Examples from the policy documents:
“DGSCN will see to broad dissemination of the quantitative data necessary for monitoring and evaluation of the poverty reduction strategy by making use of appropriate channels, particularly the PRSP website and Togo Info. It will publish analyses of poverty in Togo on a regular basis.”
-Togo, p. 99
“Design national statistical Classifiers aligned to European Union standards.”
-Moldova, p. 64
“As regards gender, it is important that both men and women have equal access to accurate, timely and relevant information. This will allow them to participate fully in democratic decision-making, such as voting and contributing to planning processes, and provide them with an evidence base for evaluating government performance at local and national level.”
-Rwanda, p. 89
Calculations:
The final Section 7 score is marked out of a maximum of 5. The score is based on two parts, A and B.
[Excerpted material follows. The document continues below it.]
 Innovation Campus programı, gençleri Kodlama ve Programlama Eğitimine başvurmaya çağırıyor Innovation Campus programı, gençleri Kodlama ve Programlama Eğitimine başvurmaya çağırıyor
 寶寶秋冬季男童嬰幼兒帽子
(Part A) If the document contains a section on the national statistical office or agency it receives mark of 1.67. It receives 0 for part otherwise.
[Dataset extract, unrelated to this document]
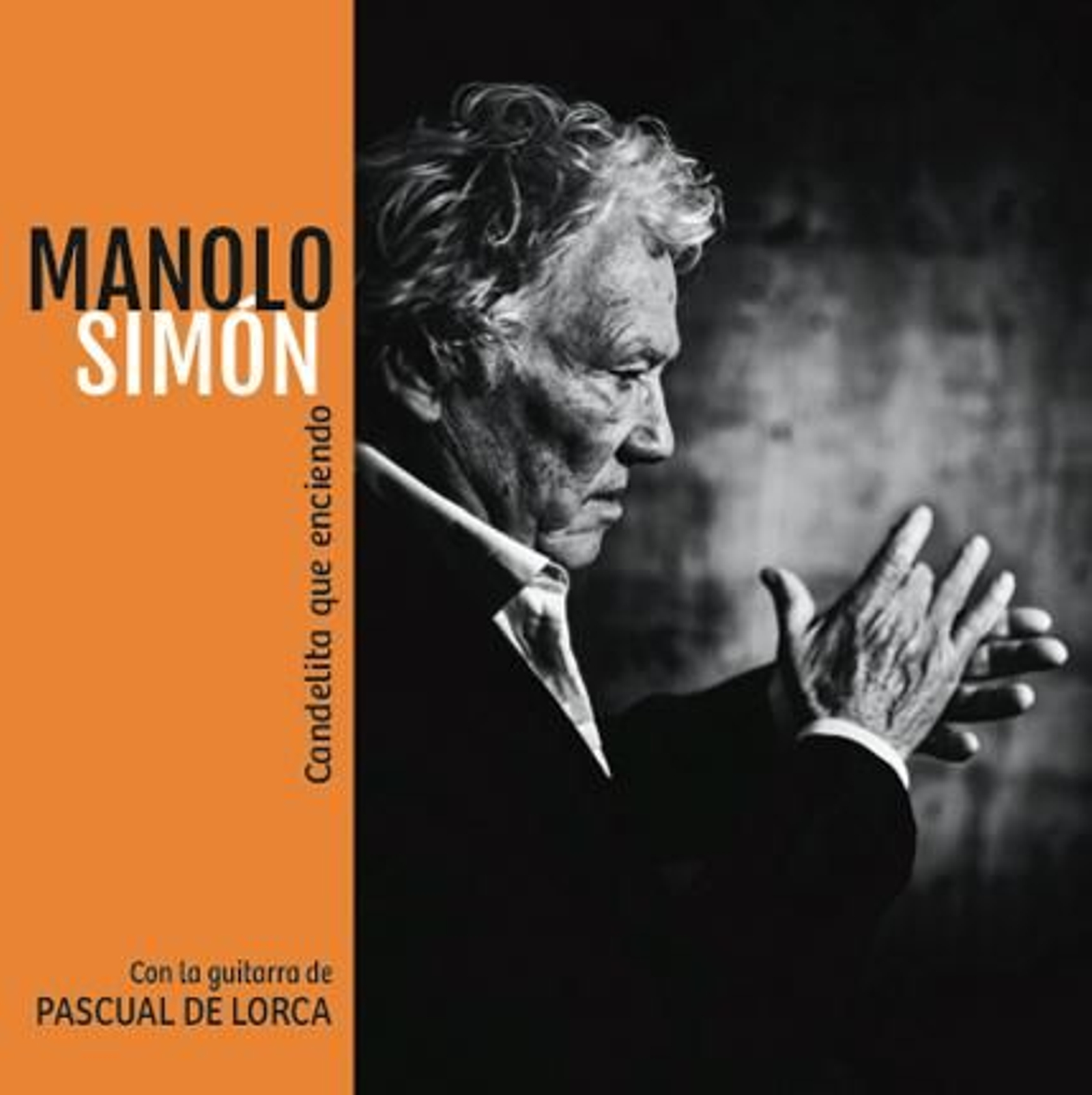 Portada del nuevo disco de Manolo Simón.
(PART B) The score comes from adjusting by two-thirds the score out of five based on the following:
Number of References / Score0 / 0
1 to 2 / 0.5
3 to 4 / 1
5 to 6 / 1.5
7 to 8 / 2
9 to 10 / 2.5
11 to 12 / 3
13 to 14 / 3.5
15 to 16 / 4
17 to 18 / 4.5
19 or greater / 5
Conclusion
The index we have calculated is just one way to measure statistical use in the policy-making process. This is not an exact science. While it can be useful to quantify ‘statistical use’ there is no single correct way to measure the use of statistics and the design of this index and its scoring system are one of many ways to quantify this. While we have tried to make this assessment as objective and transparent as possible, there remains an irreducible degree of subjectivity in the report. The report, and scores, should be used with all this in mind. Because calculating a score is not an exact science, small differences between countries should not be taken as significant. However, large differences can be taken to suggest genuine differences in the PRSP process and its use of evidence. The index, therefore, should be used to provoke debate and pave the way to a more detailed investigation, It seeks to generate debate and raise questions, rather than rank each country in a strict hierarchy.